Tiny Cars Less Safe!
Reacting to a report buttressing the obvious fact that “very small cars generally can’t protect people in crashes as well as bigger, heavier models,” an angry Michael O’Hare‘s wonders “why is oversizing and up-weighting not the behavior associated with an increase in deaths on the highway? Why is the ‘standard’ car the fat, thirsty, heavy vehicle of the reckless and self-indulgent?”
Proud Cooper Mini owner Megan McArdle retorts, “As long as Americans insist on having children, and those children are legally required to spend their prepubescent years in some elaborate safety contraption, American cars aren’t going to get much smaller than an Accord.

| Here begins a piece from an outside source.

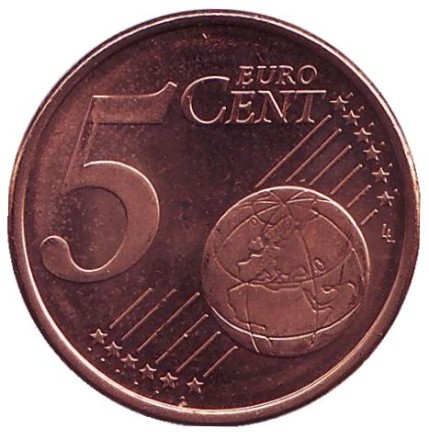 Монета 5 центов. 2006 год, Финляндия. Монета 5 центов. 2006 год, Финляндия.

And those Accords will continue to pose a mortal threat to those of us who drive smaller cars.”
What’s particularly bizarre about this debate, from the perspective of someone older than Megan and younger than O’Hare, is that I recall a time when very small cars were a virtual non-option for American drivers. The first car my family owned that I can remember was a Rambler station wagon that would be thought of as enormous today but was just a normal car in the late 1960s and early 1970s. Our next car, a 1973 Plymouth Satellite Sebring Plus, was considered a mid-size car in those days but would be a very large car now. Finally, in 1979, we bought a Toyota Corolla hatchback. It was a decidedly small car but I was able to fit with reasonable comfort in the back seat as a taller-than-average 13-year-old; I suspect it was larger than Megan’s Mini.
That’s a longish way of saying that O’Hare’s sense — which seems to be widely shared — that Americans are suddenly driving behemoths rather than sensible cars is flat backwards. The heyday of the very small car is now. And even the Hummers and Escalades of today have a footprint smaller than our old Rambler wagon.